Ça fait du bien de gagner, non?

Quand le CH a scoré son cinquième but, mettant cette demi-finale d'association hors de la portée des champions de la Coupe Stanley, j'ai fait ce que je n'ai pas fait en regardant un match de hockey depuis un siècle: j'ai échappé un YES! retentissant.

Oui, ça fait du bien de gagner. Contre les Capitalistes (l'étiquette est d'Amir Khadir) de Washington, on soupçonnait que la chance avait favorisé nos favoris. Ce coup-ci, la victoire est celle de la ténacité, du travail, de la foi qui déplace des montagnes. Et celle du goaler slovaque, bien sûr.

Une victoire sur les Manchots de Pittsburgh et, pour reprendre un slogan vieux de 15 ans, tout devient possible!

Ça fait du bien de gagner. Le Québec de 2010 est morpionné par une grisaille collective, par un surplace étouffant. Depuis des années, on parle d'immobilisme. Puis, sans crier gare, le Canadien de Montréal, ce foutu club, insuffle de la magie dans un printemps dont on n'attendait, au fond, qu'une-commission-d'enquête-sur-la-construction.

« J'écris ce papier entre deux chars de police, rue Sainte-Catherine, une heure après que «nous» ayons accédé à la demi-finale de la Coupe Stanley. Dans la Catherine, c'est évidemment le party. À 23h, ça ne sent pas encore l'émeute. Ça sent seulement la fête. Nettement plus festif qu'il y a deux semaines. Les flics se comportent comme des chaperons d'une danse du vendredi soir à la polyvalente. Un peu tard, ça sera une autre histoire.

Dans la Catherine, c'est tout le Montréal de 2010 qui est là. Anglos, francos, Latinos, Noirs, aux yeux bridés, vieux, jeunes. C'est le Montréal que je connais. Ça ressemble au Québec de demain, aussi. Et c'est ce Montréal cosmopolite, ce Montréal qu'il fait bon de déprécier parfois, dans notre glorieux coin de pays, qui scande Go, Habs, Go! d'une seule voix. Il y a quelque chose de réjouissant dans ce tableau.

Dans les dernières années, j'ai un peu délaissé le Canadien. Trop de déceptions. Trop d'années où CH signifiait CHaudrons. Comme les plus de 25 ans, je suis assez vieux pour avoir vécu l'ère où ce club était une puissance, assez vieux pour l'avoir vu gagner, vraiment gagner. Des Coupes Stanley, je veux dire.

Assez vieux pour rouler les yeux quand la ville devient «hockey» parce que le Canadien se qualifie dans les séries in extremis.
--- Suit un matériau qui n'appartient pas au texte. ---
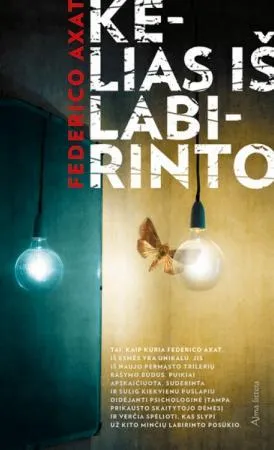Kelias iš labirinto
Puis, hier soir, l'enfant qui vénérait ce club, qui communiait jadis à La soirée du hockey, a supplanté l'adulte un peu cynique, dans le sofa. J'avais des palpitations à 4 à 2, quand Halak a arrêté les ruades de Crosby et Malkin. J'ai pensé aller prendre une douche froide, mais j'aurais manqué ces fascinantes pubs de Georges Laraque à CBC.

Et juste à côté de moi, l'héritier regardait le match comme les gars regardent les matchs de hockey: une main dans le sac de chips, l'autre dans le pyjama.

Puis, après la deuxième, dodo, allez! Comme mon père m'envoyait au lit, quand j'étais petit.

(Salut p'pa, je m'ennuie de toi, surtout ce soir.)

Car c'est ça, non? C'est ça, un club-symbole, un club-nation: un ciment social, qui marque les jalons de nos vies individuelles, familiales, collectives. Qui fait partie des albums-photos. Un peu comme le Barça, comme les Red Sox. C't'une métaphore de notre sort, comme chante les Loco Locass, dans cette chanson, Le but, qui est l'hymne du printemps 2010 québécois.

Quel printemps magique, vraiment! Ça nous change du CHUM sans domicile fixe, de ministres qui nous prennent pour des valises, de décrochage scolaire, d'accommodements raisonnables ou pas. De tous ces nuages dans le ciel du Québec. Ça fait du bien de gagner, de gagner pour vrai.